かぶとむし日記

映画、音楽、本の感想を中心に日記を更新しています。

樋口真嗣監督『日本沈没』

日本沈没 スタンダード・エディション [ 草ナギ剛 ]
1970年代のはじめに、ぼくは小さな本屋さんにつとめていました。その本屋さんに平積みされた小松左京作『日本沈没上下』(カッパ・ブックス版)は、補充しても補充しても、1日で飛ぶように売れていきました。自分でも、さっそく読んでみました。時代の空気もあって、おもしろかったような気がします。細かなところは忘れていますが。

あとで映画化された森谷司郎監督の『日本沈没』も見にいきました。特撮がたのしく、鎌倉の大仏が沈んでいく様子などをちょっと覚えています。しかし、ほかの記憶はありません。ともかく『日本沈没』や『ノストラダムスの大予言』が大ヒットしていた時代のお話でございます。

今回はそのリメイク版ということで、やはりこの手のものは登場人物がどう描かれているかなどということより、一にも二にもお目当ては特撮であり、わたしたちの日本が、どのように沈没してしまうのか、それを想像すると、胸がわくわくしてきます(不謹慎といえば不謹慎ですが、まあそういわないで。これは映画です)。実際京都や奈良が壊れていく予告編を見ていると、ドキドキするような興奮を感じました。

で、今日見てきました。感想は、ロード・ショーのさなかなので、厳しい批評は控えますが、予想を遥かに下回りました(笑)。期待の日本沈没シーンは、映画のメインではなく、驚いたことに、登場する人物たちの恋愛、家族愛などが長々と描かれているのです。それも、使い古されたパターンそのままに。これからご覧になる方は、「日本沈没シーン」に過度な期待を寄せない方がよいとおもいます。

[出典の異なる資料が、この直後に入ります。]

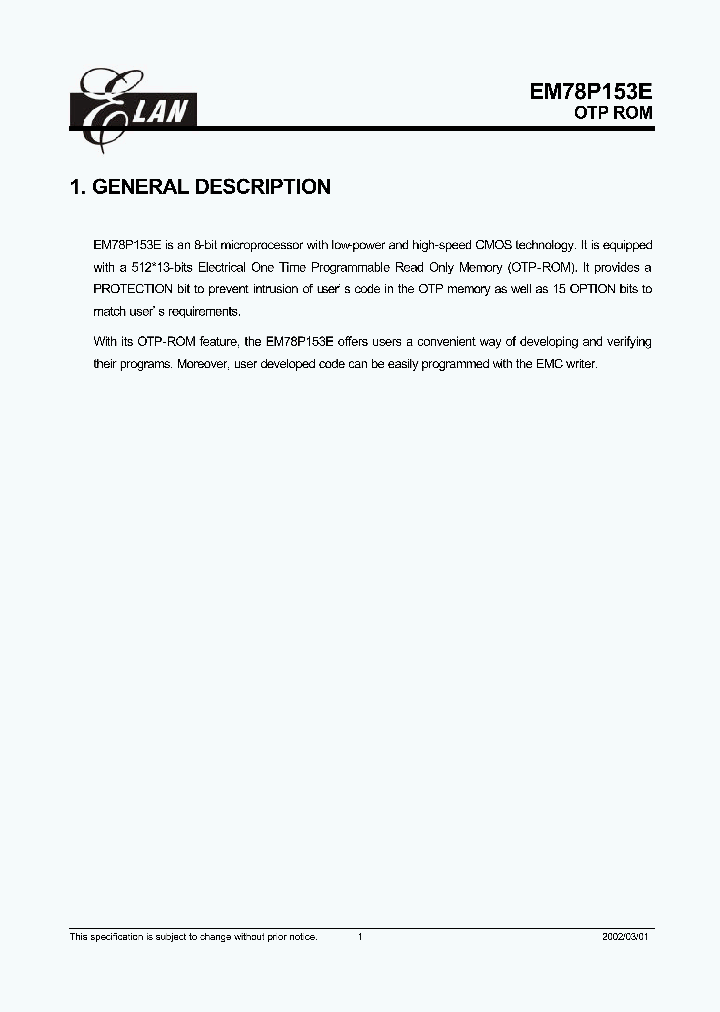 EM78P153E_263922.PDF Datasheet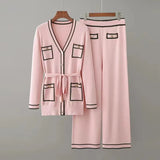 Early Autumn Long-Sleeve Knit Suit Lace-Up Waist Mid-Length V-Neck Cardigan + Wide-Leg Pants Two-Piece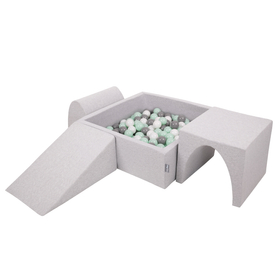 KiddyMoon Aire De Jeux en Mousse avec Carré Piscine À Balles pour Enfants, gris clair: blanc/gris/menthe, Piscine (200 Balles) + Version 2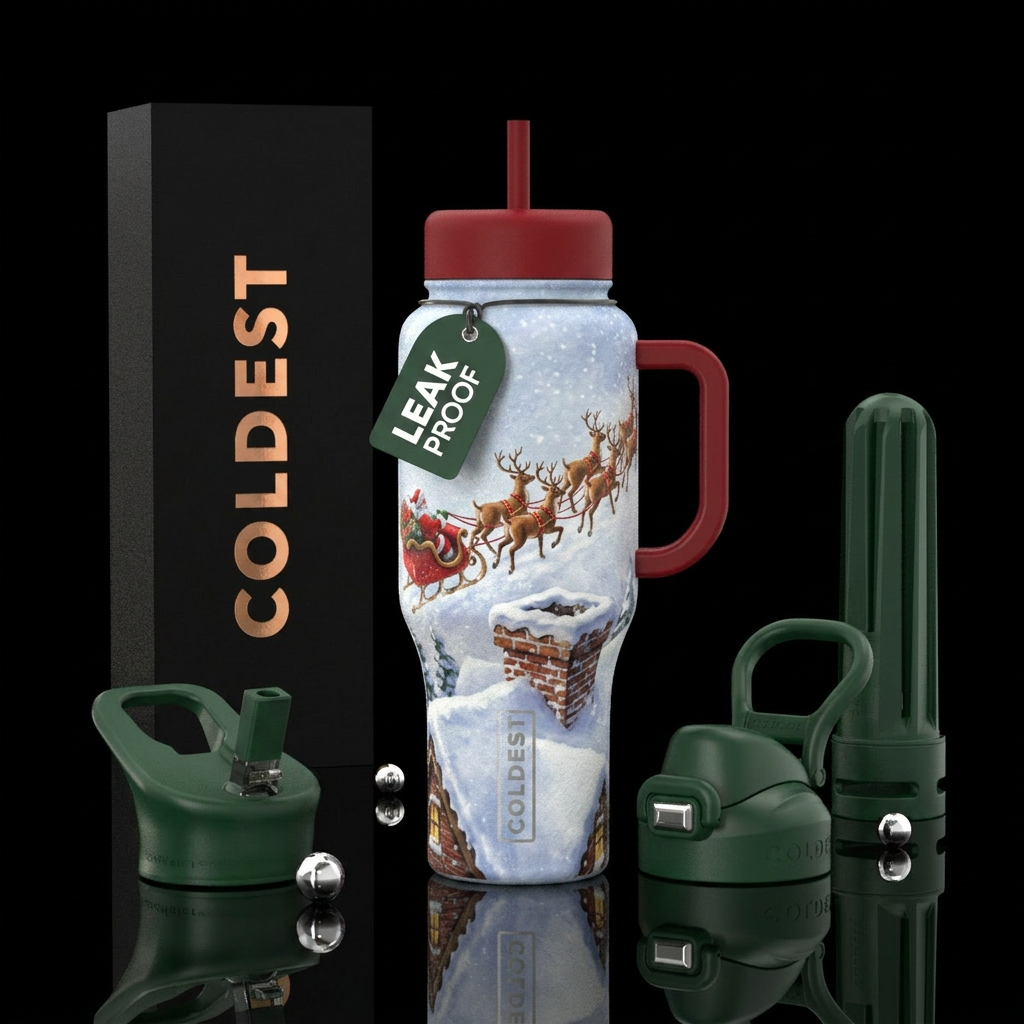 Christmas vibe,  rooftop,  Santa's sleigh with 8 t... water bottle design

先に、名作『ポセイドン・アドベンチャー』のリメイク版『ポセイドン』は、パニック映画のおきまりである人間関係を淡白に描いて、映画の醍醐味を特撮にしぼっておもしろくしていた、と感想を書きましたが、リメイク版『日本沈没』は、これでもかこれでもかという執拗さで、恋愛・人間愛の感動を押しつけてきます。